Зинаида Райх с отцом Николаем Андреевичем. Орел. 1910-е
Однако вскоре странное, противоречивое чувство к Райх разбудило другого Есенина – мрачного, подозрительного, с тяжелым нравом. Со временем все больше давала о себе знать есенинская “темная кровь”: так и не развившаяся любовь подчас переходила в ненависть. Об одной из жестоких домашних сцен Райх позже расскажет дочери:
“Он поднялся ей навстречу. Чужое лицо – такого она еще не видела. На нее посыпались ужасные, оскорбительные слова – она не знала, что он способен их произносить. Она упала на пол – не в обморок, просто упала и разрыдалась. Он не подошел. Когда поднялась, он, держа в руках какую-то коробочку, крикнул: “Подарки от любовников принимаешь?!” Швырнул коробочку на стол. Она доплелась до стола, опустилась на стул и впала в оцепенение – не могла ни говорить, ни двигаться.

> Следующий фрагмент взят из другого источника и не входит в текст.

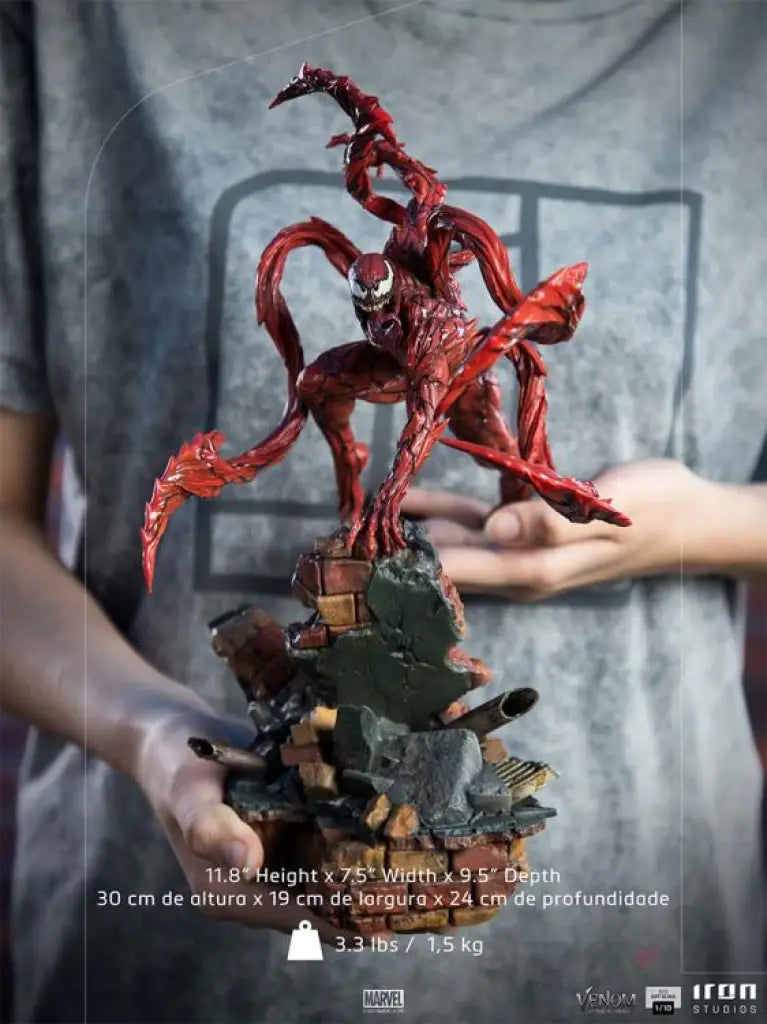 Venom: Let There Be Carnage BDS Carnage Art Scale 1/10 Statue - GeekLoveph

Они помирились в тот же вечер. Но они перешагнули какую-то грань, и восстановить прежнюю идиллию было уже невозможно” (Т. Есенина)[534].
Впервые именно с Райх Есенин открыл в себе зверя. “Я двух женщин бил, – говорил он несколько лет спустя Г. Бениславской, – Зинаиду и Изадору [535], и не мог иначе, для меня любовь – это страшное мучение, это так мучительно. Я тогда ничего не помню…”[536] Что за чувство поэт называет мучительной любовью? Голую ревность, приступы собственнического самодурства – и вместе с тем яростное раздражение от чрезмерной близости чужого, в сущности, человека. Все это Есенину еще предстоит с годами узнать в себе, а пока, на Литейном, темная сторона его натуры еще только едва угадывалась в первых “изломах и вспышках”[537].